Public fishing? They're doing fine on those permits, I'm sure that wont happen anytime soon. Its hard for me to go up their since all the little kids roaming around with the tir spinning rods from Aurora thinkin their B A . Crossing lines with me, no no. I beat that ass in a wrestling tournament a few weeks ago don't make me do it again. And the most you can hope for is a two pounder. I wish I could just run a few trotlines parallel to those Lilly pads.


----------



## Spike9 (Nov 11, 2010)

There is nothing in there but a few lil bluegills and leftover grass carp, everyone from outside of Aurora your just wasting your time. Non resident permit is more than resident anyways.

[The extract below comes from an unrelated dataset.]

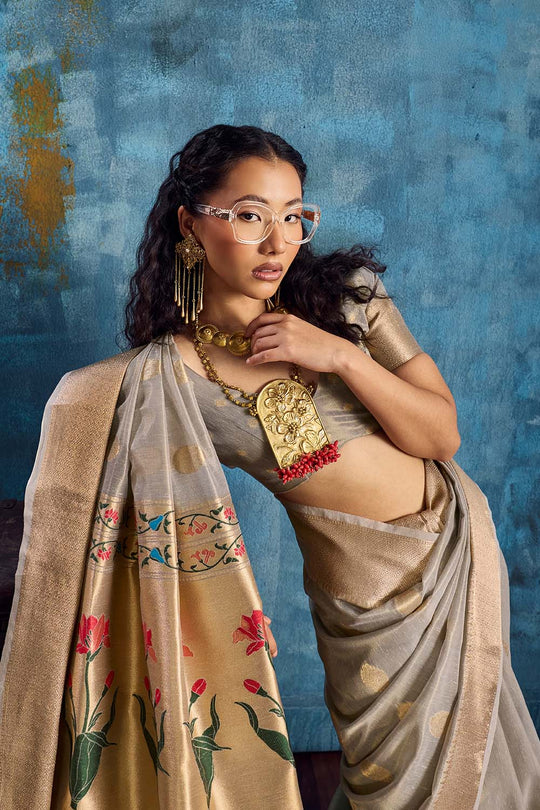 Cleo Grey Paithani Tissue Handloom Weaving Ready to Wear Saree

Wrestlers from Mantua double..lol.


----------



## qwertyegg (Mar 6, 2010)

Spike9 said:


> There is nothing in there but a few lil bluegills and leftover grass carp, everyone from outside of Aurora your just wasting your time. Non resident permit is more than resident anyways. Wrestlers from Mantua double..lol.


be there tomorrow morning lol


----------



## 25asnyder (Dec 10, 2016)

So how did u do at sunny lake


----------



## FlyFishRich (Feb 3, 2016)

The thread is from 2013 lol


----------